Miss Jessie A. West, Center street, Auburn recipe for Beef Stifle: Cut a piece from the neck into small junks; put into a bean pot with a little salt, an onion, if the flavor is liked, and not more than a half cup of water, or if the oven is very slow, not any. Cover and cook three hours. Then make a gravy with water and flour, just enough to have thick and brown. It will come out brown and tender and can be cooked with very little attention.

50 Years Ago, 1956

This is the 15th anniversary of Pearl Harbor, and in many an American home there will be reminiscences, as people try to recall where they were and what they were doing on that fateful Sunday. The attack came at 11 a.m. Pacific coast time, and caught people there at church-time. It was noon in the mountain States, and one in the afternoon in the mid-west.

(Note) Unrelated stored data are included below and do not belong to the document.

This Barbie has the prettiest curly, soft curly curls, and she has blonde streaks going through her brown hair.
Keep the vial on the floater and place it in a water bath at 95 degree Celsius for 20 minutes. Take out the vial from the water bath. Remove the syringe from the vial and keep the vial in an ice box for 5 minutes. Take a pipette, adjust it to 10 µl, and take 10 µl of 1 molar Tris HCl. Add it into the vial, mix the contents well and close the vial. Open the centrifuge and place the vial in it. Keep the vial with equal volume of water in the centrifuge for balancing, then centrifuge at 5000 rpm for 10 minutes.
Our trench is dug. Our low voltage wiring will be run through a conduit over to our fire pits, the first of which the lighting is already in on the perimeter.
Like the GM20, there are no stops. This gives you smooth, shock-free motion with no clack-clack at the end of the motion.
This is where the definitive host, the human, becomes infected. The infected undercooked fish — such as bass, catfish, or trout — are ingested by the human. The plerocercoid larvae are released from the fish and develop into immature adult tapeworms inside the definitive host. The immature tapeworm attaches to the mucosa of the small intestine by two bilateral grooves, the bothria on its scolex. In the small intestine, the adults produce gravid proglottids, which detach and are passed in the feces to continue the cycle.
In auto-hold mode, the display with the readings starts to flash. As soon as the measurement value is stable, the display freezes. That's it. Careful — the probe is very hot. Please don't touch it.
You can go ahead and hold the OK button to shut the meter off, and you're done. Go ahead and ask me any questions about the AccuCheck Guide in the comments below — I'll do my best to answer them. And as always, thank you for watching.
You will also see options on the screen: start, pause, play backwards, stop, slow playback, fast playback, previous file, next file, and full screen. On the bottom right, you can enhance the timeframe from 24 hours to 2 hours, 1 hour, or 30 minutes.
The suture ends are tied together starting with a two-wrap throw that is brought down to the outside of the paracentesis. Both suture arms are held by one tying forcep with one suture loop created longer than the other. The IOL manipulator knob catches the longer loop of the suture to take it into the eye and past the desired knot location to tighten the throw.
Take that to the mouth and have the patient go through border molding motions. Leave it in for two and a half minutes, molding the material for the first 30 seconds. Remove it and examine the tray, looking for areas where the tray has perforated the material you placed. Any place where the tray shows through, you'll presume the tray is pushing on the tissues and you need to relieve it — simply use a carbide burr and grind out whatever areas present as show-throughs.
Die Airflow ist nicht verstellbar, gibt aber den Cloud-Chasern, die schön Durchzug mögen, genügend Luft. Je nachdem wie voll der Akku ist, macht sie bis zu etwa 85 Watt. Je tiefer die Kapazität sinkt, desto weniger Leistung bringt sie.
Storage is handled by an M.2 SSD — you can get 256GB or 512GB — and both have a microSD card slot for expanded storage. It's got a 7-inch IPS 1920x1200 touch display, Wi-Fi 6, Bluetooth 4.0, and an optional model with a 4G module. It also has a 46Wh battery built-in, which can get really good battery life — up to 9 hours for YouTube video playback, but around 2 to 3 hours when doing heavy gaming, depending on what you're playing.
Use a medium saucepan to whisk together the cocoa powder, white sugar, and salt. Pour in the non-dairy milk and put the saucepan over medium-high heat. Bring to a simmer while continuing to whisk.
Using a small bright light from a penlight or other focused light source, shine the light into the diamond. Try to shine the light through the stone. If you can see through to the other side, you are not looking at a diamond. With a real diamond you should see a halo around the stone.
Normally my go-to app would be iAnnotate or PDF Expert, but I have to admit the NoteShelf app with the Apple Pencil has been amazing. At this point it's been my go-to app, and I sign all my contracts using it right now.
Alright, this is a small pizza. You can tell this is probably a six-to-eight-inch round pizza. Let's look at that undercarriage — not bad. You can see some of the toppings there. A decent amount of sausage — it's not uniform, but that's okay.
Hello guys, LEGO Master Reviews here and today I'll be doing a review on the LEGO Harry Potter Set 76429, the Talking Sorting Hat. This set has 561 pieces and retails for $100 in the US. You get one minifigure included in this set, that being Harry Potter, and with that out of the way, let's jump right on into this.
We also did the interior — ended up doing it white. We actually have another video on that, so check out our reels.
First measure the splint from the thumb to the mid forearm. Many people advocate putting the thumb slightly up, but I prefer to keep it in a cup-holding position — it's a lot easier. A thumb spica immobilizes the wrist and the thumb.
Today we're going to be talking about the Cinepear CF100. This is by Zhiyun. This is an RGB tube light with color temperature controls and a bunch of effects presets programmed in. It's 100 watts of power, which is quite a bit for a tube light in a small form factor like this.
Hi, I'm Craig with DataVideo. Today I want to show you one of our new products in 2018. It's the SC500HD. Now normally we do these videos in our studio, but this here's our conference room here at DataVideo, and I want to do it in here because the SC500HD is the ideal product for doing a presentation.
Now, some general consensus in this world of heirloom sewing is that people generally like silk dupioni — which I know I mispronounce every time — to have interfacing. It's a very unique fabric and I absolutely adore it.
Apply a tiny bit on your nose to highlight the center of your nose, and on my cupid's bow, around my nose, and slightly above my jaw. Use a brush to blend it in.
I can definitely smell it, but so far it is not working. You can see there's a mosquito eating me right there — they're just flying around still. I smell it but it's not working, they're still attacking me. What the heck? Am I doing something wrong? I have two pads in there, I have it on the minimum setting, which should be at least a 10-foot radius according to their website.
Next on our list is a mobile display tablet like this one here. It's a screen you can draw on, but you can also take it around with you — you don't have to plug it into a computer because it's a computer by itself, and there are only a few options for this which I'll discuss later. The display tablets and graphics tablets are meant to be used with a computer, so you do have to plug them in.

On the eastern seaboard people were finishing dinner, or planning a short ride in the early December sunshine. What was most shocking was the suddenness of it – one minute we were at peace, and in the next minute at war. And nothing was ever quite the same after that. December 7, 1941, was not only the date of a historic surprise attack, but it marked the end of one ear and the start of another.

25 Years Ago, 1981

Fuel oil glistens on the murky waters over the hull of the once-proud battleship Arizona, and there are still scars on the concrete headquarters of the U.S. Pacific Air Force command in Pearl Harbor, Hawaii. Little other physical evidence remains of what happened here Dec. 7, 1941, the day 40 years ago that President Franklin D. Roosevelt said would “live in infamy.”